Donald Trump’s education policy speech continued to draw reaction from experts on Friday, with responses ranging from highly qualified support on the right to outright contempt on the left.
Trump, the Republican presidential nominee, spoke Thursday at a charter school in Cleveland, where he pledged $20 billion in federal school choice grants if he wins the White House. The money would come in the form of block grants to states.
Superficially, these policies should appeal to conservatives. Writing Friday for Education Week, American Enterprise Institute scholar Rick Hess was pleased to hear what little substance Trump offered. However, he wrote, “there’s no point in putting a lot of stock in his speeches and utterances. Trump says stuff. It’s mostly performance art. He’s changed his mind many times on questions big and small.”
Hess’s commentary got tougher from there. “A speech like this is where Trump’s lack of thoughtfulness or a meaningful policy operation really comes into play,” he wrote. “If a Jeb Bush, Ted Cruz, or John Kasich gave this speech, I’d have some confidence that they’d thought about what this would really look like. With Trump, it’s hard to have any such confidence.”
Ultimately, the scholar concluded that Trump’s education policy could hinge hugely on his appointments in this policy area.
Reaction to Trump’s speech on the left, meanwhile, was strongly negative.

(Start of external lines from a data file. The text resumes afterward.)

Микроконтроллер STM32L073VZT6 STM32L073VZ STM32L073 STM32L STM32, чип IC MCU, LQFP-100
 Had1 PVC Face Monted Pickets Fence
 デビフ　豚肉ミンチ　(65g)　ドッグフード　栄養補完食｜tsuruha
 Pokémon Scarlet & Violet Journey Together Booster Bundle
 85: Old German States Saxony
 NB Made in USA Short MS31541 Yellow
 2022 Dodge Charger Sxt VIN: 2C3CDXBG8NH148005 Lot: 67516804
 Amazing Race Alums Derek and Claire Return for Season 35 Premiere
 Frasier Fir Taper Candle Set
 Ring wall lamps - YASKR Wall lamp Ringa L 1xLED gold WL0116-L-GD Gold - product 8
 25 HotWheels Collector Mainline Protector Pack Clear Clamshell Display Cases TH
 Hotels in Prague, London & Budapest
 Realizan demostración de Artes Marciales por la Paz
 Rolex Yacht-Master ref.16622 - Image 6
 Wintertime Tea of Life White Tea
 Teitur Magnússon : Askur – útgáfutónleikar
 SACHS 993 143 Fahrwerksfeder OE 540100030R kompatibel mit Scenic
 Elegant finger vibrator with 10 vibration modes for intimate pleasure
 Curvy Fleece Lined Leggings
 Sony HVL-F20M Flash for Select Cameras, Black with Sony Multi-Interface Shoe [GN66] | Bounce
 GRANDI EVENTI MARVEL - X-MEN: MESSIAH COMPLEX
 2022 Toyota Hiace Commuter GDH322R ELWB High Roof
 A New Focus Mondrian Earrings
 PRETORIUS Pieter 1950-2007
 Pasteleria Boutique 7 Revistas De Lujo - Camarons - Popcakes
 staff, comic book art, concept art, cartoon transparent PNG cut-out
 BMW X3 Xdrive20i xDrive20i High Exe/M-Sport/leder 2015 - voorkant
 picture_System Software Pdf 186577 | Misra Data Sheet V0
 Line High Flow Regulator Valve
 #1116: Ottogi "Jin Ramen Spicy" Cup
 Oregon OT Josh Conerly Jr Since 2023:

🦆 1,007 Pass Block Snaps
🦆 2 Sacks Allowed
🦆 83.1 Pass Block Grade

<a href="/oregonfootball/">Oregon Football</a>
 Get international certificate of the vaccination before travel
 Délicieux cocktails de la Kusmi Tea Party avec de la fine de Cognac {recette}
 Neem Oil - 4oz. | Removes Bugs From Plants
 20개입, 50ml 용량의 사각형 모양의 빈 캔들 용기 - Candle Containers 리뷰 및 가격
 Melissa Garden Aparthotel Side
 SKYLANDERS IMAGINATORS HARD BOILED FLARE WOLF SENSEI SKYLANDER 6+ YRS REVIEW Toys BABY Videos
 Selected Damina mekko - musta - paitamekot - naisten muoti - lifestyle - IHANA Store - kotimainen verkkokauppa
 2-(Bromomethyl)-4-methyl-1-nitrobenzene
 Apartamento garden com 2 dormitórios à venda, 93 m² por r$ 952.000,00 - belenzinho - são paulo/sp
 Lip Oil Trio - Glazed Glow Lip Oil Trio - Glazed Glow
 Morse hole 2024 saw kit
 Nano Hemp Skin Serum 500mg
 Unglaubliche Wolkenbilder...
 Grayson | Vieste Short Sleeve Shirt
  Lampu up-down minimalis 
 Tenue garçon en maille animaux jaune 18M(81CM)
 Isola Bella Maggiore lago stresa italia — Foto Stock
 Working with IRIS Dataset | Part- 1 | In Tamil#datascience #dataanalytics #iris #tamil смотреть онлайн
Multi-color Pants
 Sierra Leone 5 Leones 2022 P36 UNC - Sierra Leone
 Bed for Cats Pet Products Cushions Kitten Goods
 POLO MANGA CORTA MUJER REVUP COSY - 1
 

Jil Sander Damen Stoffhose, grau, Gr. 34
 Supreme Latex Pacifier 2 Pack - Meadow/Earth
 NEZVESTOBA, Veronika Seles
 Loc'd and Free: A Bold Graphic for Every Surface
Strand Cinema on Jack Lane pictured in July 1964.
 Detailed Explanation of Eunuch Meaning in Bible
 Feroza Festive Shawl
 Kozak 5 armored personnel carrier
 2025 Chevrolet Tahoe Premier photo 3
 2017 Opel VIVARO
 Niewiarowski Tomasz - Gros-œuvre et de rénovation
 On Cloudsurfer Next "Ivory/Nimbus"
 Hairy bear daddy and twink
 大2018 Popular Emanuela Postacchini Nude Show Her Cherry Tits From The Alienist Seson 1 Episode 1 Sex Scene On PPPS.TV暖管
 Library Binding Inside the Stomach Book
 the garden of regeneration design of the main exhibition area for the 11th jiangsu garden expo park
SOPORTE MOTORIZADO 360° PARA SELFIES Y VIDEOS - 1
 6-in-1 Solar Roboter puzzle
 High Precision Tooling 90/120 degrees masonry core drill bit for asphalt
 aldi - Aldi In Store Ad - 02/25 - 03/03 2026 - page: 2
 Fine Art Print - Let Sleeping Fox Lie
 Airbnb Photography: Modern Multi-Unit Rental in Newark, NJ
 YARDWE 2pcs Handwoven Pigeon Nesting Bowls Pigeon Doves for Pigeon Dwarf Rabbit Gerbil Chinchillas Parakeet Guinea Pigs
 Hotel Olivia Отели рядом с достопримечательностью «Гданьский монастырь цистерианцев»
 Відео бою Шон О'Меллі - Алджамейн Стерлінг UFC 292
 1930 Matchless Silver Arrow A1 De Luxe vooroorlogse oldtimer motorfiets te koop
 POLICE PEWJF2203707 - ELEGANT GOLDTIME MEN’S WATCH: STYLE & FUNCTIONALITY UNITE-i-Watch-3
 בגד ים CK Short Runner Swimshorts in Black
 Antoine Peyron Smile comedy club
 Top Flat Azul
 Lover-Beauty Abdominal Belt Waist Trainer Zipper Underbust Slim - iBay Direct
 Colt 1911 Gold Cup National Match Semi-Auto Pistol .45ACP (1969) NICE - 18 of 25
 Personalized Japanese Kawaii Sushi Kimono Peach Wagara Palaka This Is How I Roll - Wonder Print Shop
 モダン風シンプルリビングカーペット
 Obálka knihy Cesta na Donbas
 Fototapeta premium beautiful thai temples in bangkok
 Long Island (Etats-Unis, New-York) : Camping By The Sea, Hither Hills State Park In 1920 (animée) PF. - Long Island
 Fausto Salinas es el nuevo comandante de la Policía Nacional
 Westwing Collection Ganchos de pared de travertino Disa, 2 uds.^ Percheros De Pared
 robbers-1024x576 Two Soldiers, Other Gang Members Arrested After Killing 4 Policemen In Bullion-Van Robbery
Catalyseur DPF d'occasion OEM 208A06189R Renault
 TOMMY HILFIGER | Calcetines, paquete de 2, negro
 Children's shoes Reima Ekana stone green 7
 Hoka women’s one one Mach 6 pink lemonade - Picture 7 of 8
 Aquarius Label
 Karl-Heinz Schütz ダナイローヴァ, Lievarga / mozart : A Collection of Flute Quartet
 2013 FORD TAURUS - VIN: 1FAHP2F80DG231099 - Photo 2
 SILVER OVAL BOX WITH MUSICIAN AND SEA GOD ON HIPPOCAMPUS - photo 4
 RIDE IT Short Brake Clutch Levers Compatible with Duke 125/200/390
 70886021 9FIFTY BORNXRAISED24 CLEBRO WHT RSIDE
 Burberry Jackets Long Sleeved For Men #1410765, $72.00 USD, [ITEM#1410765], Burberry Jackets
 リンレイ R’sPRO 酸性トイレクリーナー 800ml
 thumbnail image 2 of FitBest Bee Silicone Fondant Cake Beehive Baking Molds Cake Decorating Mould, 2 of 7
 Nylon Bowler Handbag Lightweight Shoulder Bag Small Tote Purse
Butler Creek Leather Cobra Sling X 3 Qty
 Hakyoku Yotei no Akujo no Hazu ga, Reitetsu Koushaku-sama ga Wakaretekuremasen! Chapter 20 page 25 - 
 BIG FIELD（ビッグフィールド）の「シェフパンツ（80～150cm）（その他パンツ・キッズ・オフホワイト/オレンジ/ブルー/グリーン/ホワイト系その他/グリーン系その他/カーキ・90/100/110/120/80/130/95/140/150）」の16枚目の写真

“Unrestricted block grants have been a longstanding dream of Republicans as a way to advance school choice and the free market that will magically ‘save’ all children everywhere,” Diane Ravitch, an education historian and research professor at New York University, wrote on her personal blog. “The absence of any evidence for the superiority of charter schools, online schools, and vouchers is irrelevant.”
American Federation of Teachers president Randi Weingarten issued an even more outraged statement:
As far as we can tell, Trump never bothered talking to educators to find out what support they need in order to give every kid a great education. Instead, he shows his usual obeisance to the idea of making public education a market rather than a public trust, to blaming rather than respecting educators, and to ideas that have failed to help children everywhere they’ve been tried but instead, in their wake, have hurt kids by leaving public schools destabilized and their budgets drained.
As InsideSources previously reported, Democratic presidential nominee Hillary Clinton has the enthusiastic support of teacher’s unions. She is planning a break from President Barack Obama on education policy, voicing greater skepticism of teacher evaluations based on test scores and charter schools.